Both patients sought complimentary treatment of OMT for their head and neck symptoms. Notable findings on the osteopathic physical examination included the presence of a vertical strain to the sphenobasilar synchondrosis. Vertical strains occur when rotation of the sphenoid and occiput occur in the same direction about their respective transverse axes. This strain is described for the direction of the superior or inferior shift of the sphenoid base in relation to the adjacent occiput.10 Of 142 healthy subjects, 3% had vertical strain (1% inferior and 2% superior).10 However, they have been more frequently reported in adult concussion11 or traumatic brain injury.12 Vertical strains were also more prevalent in term and preterm neonatal intensive care unit patients (36.8%), than in healthy newborns (<5%).13 In the present study, the cervical spine segments with the greatest restrictions were C1, C2, and C7. The normal connective tissue attachments to the cervical spinal dura mater originating from the ligamentum nuchae and rectus capitis posterior minor muscle occur between vertebrae C1–C2 and the occipital bone and C1, respectively.14 Somatic dysfunction at C2 is associated with somatic dysfunction of the upper thoracic vertebra15 and sigmoid colon abnormalities.16
As expected, the feeling of neck stiffness, tightness, and or pain was improved with OMT because of the relief of muscle spasms. The underlying mechanisms of tremor in cervical dystonia are not known, and the reasons for further improvement in tremor with OMT in both cases are unclear.
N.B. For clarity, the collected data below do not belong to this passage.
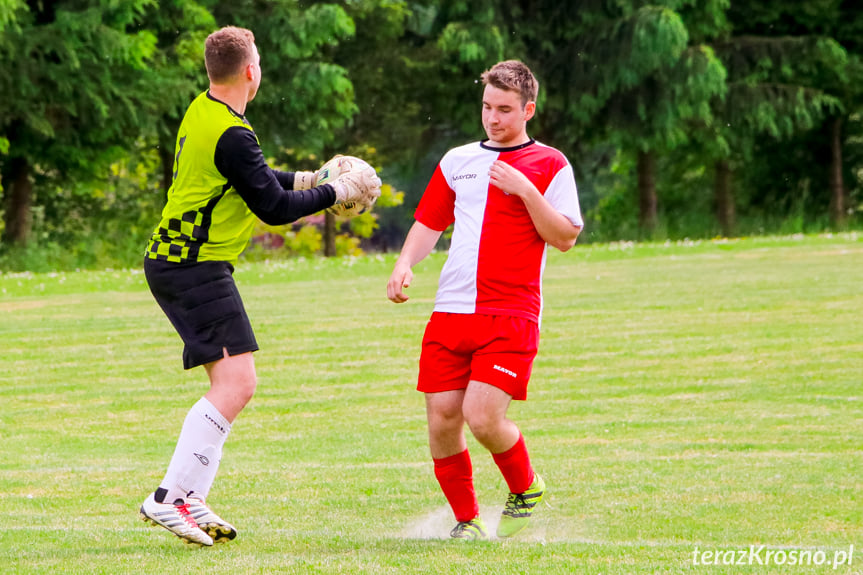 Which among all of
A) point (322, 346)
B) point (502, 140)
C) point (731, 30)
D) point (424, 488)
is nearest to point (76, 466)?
point (424, 488)

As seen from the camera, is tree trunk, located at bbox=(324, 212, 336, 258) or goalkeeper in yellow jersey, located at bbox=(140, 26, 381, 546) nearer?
goalkeeper in yellow jersey, located at bbox=(140, 26, 381, 546)

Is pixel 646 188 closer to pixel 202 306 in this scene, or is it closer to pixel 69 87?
pixel 69 87

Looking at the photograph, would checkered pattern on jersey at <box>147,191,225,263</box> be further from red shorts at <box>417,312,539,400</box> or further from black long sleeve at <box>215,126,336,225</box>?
red shorts at <box>417,312,539,400</box>

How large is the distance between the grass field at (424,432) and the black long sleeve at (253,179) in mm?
1394

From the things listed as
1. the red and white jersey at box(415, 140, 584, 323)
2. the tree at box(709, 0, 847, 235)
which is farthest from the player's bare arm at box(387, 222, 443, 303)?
the tree at box(709, 0, 847, 235)

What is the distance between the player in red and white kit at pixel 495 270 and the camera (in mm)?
5094

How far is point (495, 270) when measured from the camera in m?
5.15

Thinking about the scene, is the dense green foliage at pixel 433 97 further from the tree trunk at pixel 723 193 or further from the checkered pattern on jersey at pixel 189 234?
the checkered pattern on jersey at pixel 189 234

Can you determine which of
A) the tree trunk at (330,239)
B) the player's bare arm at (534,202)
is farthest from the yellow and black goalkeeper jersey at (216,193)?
the tree trunk at (330,239)

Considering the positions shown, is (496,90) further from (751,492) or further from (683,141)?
(683,141)

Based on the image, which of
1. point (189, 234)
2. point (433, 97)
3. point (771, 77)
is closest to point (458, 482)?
point (189, 234)

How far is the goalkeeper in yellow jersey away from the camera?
15.8ft

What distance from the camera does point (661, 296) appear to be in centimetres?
1644

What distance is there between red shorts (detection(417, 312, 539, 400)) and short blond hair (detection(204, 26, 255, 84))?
1357 millimetres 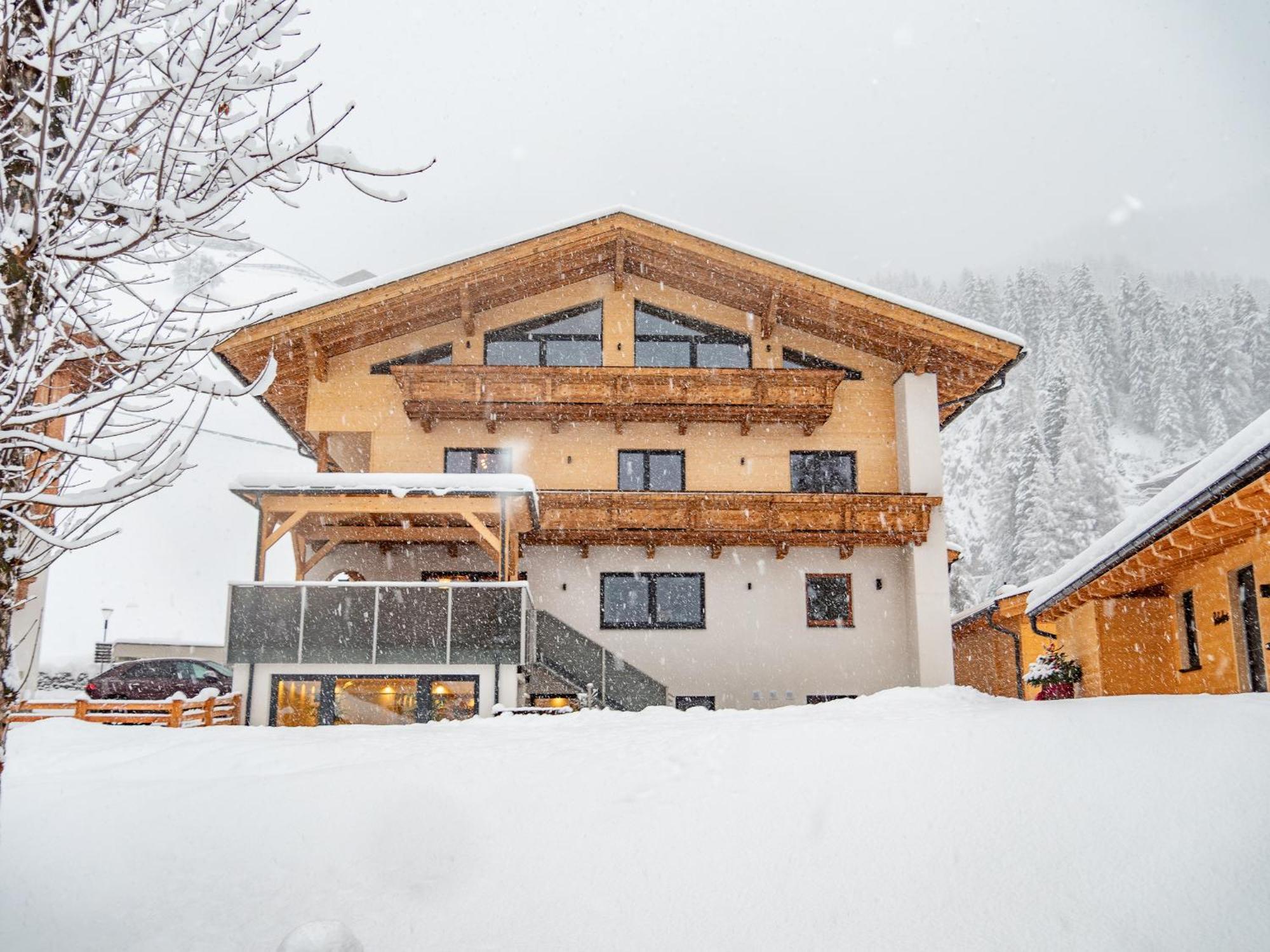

Cervical dystonia is a neural network disorder that may include messaging from the mechanoreceptors in the joint connective tissues. These patients may have inherited a genetic susceptibility to cervical dystonia that clinically manifested as a result of a vertical‐strain‐inducing mild trauma occurring at birth or later. Further research is necessary to determine the underlying mechanisms in cervical dystonia with tremor as well as how OMT can be used most effectively to improve symptoms.
1 Funding: None.
2 Financial Disclosures: None.
3 Conflict of Interests: The authors report no conflict of interest.
4 Ethics Statement: This study was reviewed by the authors’ institutional ethics committee and was considered exempted from further review.